Rick Jelliffe wrote:
> Editorial people have the idea of text replacement well and truly
> in their minds: it is what they do, and what they think they are
> doing when they do it.
> 
> So the PE mechanism, being akin to macros or text replacement,
> is very appropriate.  The ideas of inheritance and classing
> are not appropriate for editorial people for the same reason.

That isn't true. Anyone who can understand the concept of types and
instances can understand the concept of sub-types.
 
> Now XML is being much more targeted at database kind of systems,
> where the DTD designer is clearly more of a programmer.  

No, this push for subclassing and inheritance has nothing to do with a
re-targetting of SGML. Most major SGML DTDs (e.g. HTML, DocBook and TEI)
have nothing in particular to do with databases and yet they all include
a concept of subclassing and many use inheritance also. Anywhere you
have object types people will ask for object sub-types. SGML has element
types and thus people ask for element sub-types (or sub-classes).
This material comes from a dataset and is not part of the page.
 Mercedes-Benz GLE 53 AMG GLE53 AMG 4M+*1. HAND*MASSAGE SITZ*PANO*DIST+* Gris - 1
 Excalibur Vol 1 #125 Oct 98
I do not believe that "editorial types" find the parameter entity
hackery used in these DTDs to be "intuitive" because they are
comfortable with text substitution. A straightforward encoding of the
subtype relationships inherent in the information would be more
intuititive.

> It may
> be that such programmers cannot think in terms of text replacement
> or symbolic computing, but in terms of whatever the fashionable
> OOP and framework are at the time.  So it may be that they want
> a less text-based style of declarations.

As I said before, the concept of subtyping (or subclassing) predates OOP
by at least *2300 years*. It comes from Aristotle, not Stroustrop. The
programming languages community was bound to invent it for the same
reason that we are bound to do so -- wherever there are types, some
things will be better modelled with sub-types. Markup people would have
invented it first if we had the budgets of programming language research
groups.
 
> A push for OO constructs for element declarations actually creates
> a new distinction between declarations and the instance: the
> declarations would act by inheritance and magic and the document
> acts by text replacement: or is there some meaningful extension of
> inheritance to include instance data?

My proposal from yesterday does this.

<!ELEMENT animal EMPTY>
<!ELEMENT (shark|lion) ISA animal)

<!ELEMENT zoo (animal+)>

<ZOO>
<SHARK/>
<LION/>
</ZOO>
 
> Has anyone come up with a good solution for what order element
> types can be in if you have inheritance?
> 
> <!ELEMENT cat  (head, whiskers, paw+, tail)>
> <!ELEMENT kitty  (cry) INHERITS cat>
> 
> is all very well, but what is the resulting content model?

Well, this is inheritance which is different from subtyping. We can and
should be clear that there is a distinction and you don't need one to
have the other.

According to my model from yesterday, the content model above is (cry).
Just as in OOP, if you specify a property (in this case the content
model) it should override that property in the parent class. Since you
have not claimed (according to my straw person syntax) that kitty is a
subtype of cat, the above is legal, but non-sensical. Why would you
inherit a content model and then immediately override it?

> It sounds like people expect it to be (using the SGML "&"
> connector, which is not in XML):
> 
> <!ELEMENT kitty (( head, whiskers, paw+, tail ) & cry )>
> 
> which is not very satisfactory IMHO.

I don't see this interpretation as being very useful. If we want to
allow inheritance of portions of content models (which is dubious in my
mind) then this can be accomplished easily with new syntax.

<!ELEMENT cat ( head, whiskers, paw+, tail, $EXTRASTUFF )>
<!ELEMENT kitty INHERITS cat WITH $EXTRASTUFF=cry>

I don't know if the extra feature is worth the new syntax. Still if this
is determined to be a requirement, it can be easily solved.